Figs. B and C must be combined and use colored data points and curves.

- In Fig. 5 caption, the authors missed writing that the pictures are for DR1 or DR2.

- Figure 6 is not in agreement with Fig. 4B/C. Both II-3 and II-6 showed higher differences at a lower resolution than in Fig. 6.

- In the introduction, the authors mentioned that the crucial problem of EMP is the low t½ (1.3 hours). In Table 6, DR1 has a practically identical half-life value compared to the commercial product, which means no improvement. On the other hand, in two-step adsorption, the meaning of t½ needs explanation. The problem is the same for the elimination constant.

- The references do not follow the journal suggestions, as points in the abbreviated journal names are mandatory.

Reference 1 seems incomplete.

Author Response

Thank you for your thorough review and salient observations of this manuscript and for the comments and suggestions, which help to improve the quality of this manuscript. Our response follows.

Author Response File: Author Response.docx

Reviewer 4 Report

Dear authors,

work i very complex and interested. It is great work but it should be more structured in order to be perfect.
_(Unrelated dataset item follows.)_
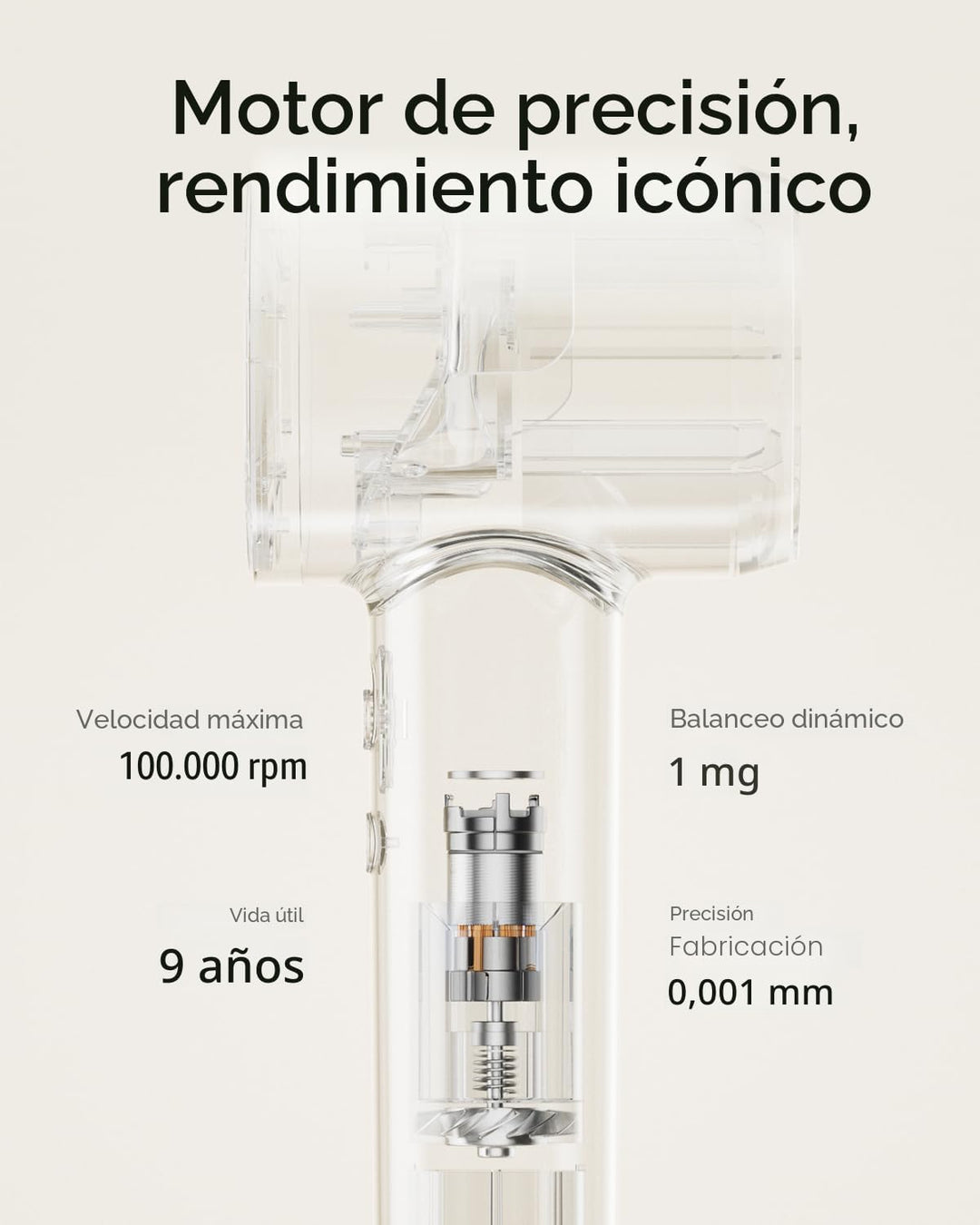 Secador de Pelo Laifen SE Lite, Secador de Pelo Iónico Negativo con...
I have several suggestions:

Introduction should have somethnig about Male beagle dogs similarity to human

This part should be more aimed> In this study, relates to the manufacture of EMP loaded dual release mini-tablet polycap (DR polycap). Specifically, mini-tablet core formulations containing EMP are prepared and evaluated. The core was coated with ELD-55 as 1 st release mini-tablet or ES100/EL-100 as 2 nd release, respectively. An additional inner coating was required between the core and controlled release coating layer to ensure stability. 1 st release mini-tablet and 2 nd mini-tablet were characterized by in vitro release test and internal and external morphology by using scanning electron microscopy (SEM). The DR polycap is prepared by filling hard capsules with an optimized combination of each mini-tablets (Figure 1). In vivo pharmacokinetic (PK) study was performed for comparing commercial product and prepared DR polycaps with fasting conditions beagle dogs.
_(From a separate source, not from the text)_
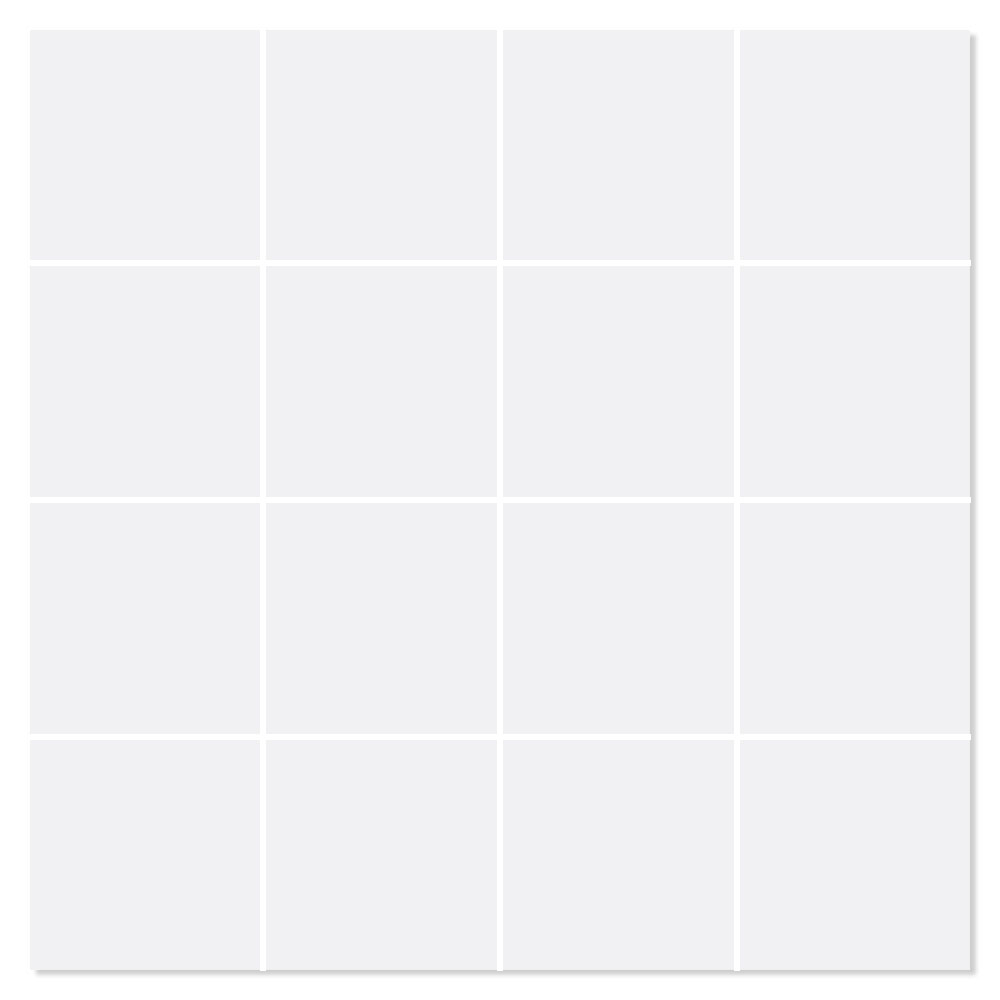 Mosaikkflis Terra Hvit Halvpolert 30x30 (7x7) cm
Polysorbat 80 surfantant/typo mistake page 6

HPLC method>pH 7.3 phosphate molarity is not reported, it should be stated

selectivity, sensitivity, linearity, accuracy, precision and recovery according - is there supplementary material 

elimination constant (Kel)/---number of time points and what points were selected should be stated

table 2 and 3 are 1ts and snd release minitablet formulation----it is not clearly stated

how formulation of mintablets for DR caps were selected should be more clearly stated

Table 5 was not confirmed that there is no sticking or capping (tabletability value is needed for that) just that flowability is good. Rewrite that text.

core characterisation should be done as well as minitablets

Release profile studies were performed at 25 rpm in Phosphate buffer (pH 6.8), and each formulas profiles are shown in Figure 3.  ------there is no explanation previously for this

Generally work is well written but it should be better organised. In introduction add smth abot human - dog GI similarity. Aim should be shorter. Methodology is not cleary written it should be reorganised.
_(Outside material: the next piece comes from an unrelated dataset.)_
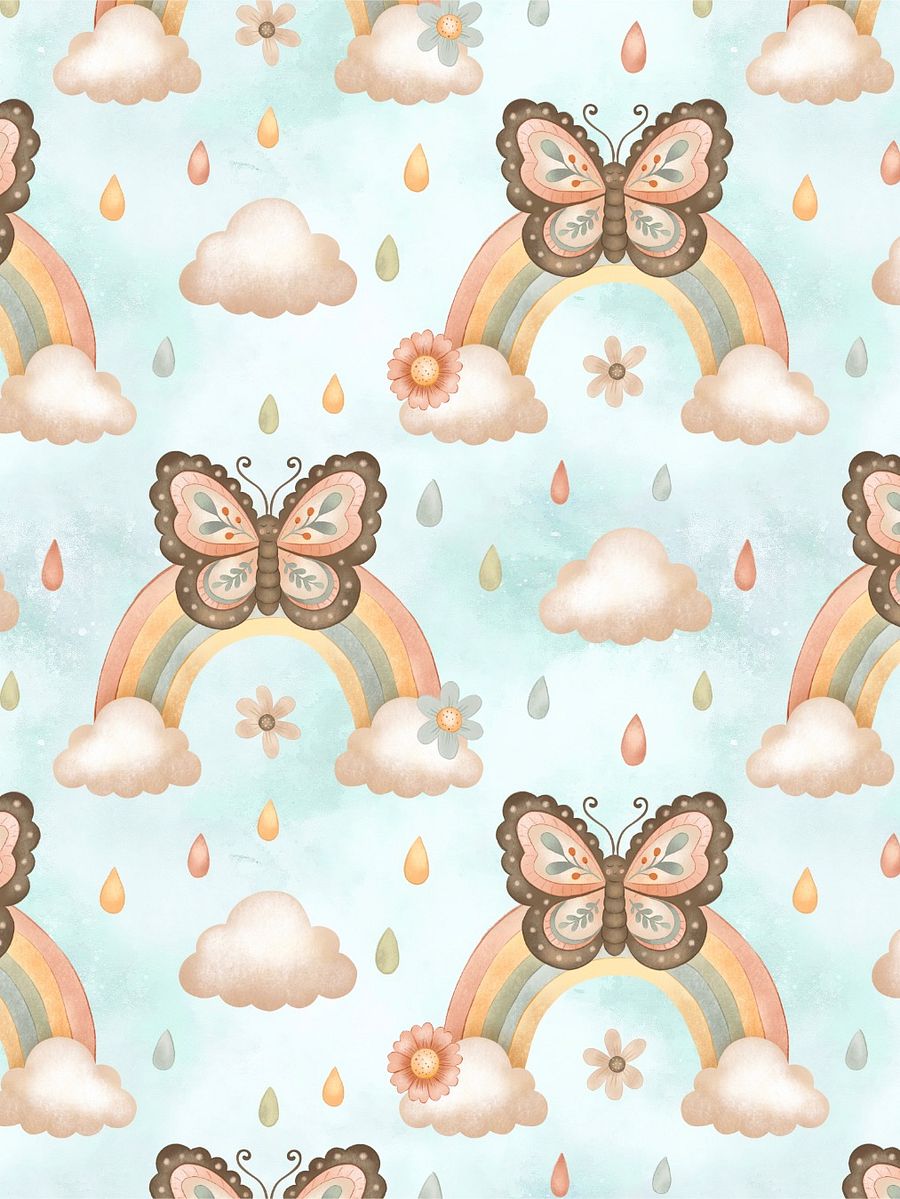 Butterfly with Rainbow - Non-Exclusive Pattern product image (10)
I understand that complex work is hard to write but this work i great thus just structure it better.

Best of luck

Author Response

Thank you for your thorough review and salient observations of this manuscript and for the comments and suggestions, which help to improve the quality of this manuscript. Our response follows.

Author Response File: Author Response.docx

Round 2

Reviewer 2 Report

There are no further comments.

Reviewer 3 Report

The authors improved their manuscript significantly and exhaustively answered the referee's concerns. The manuscript is suitable for publication.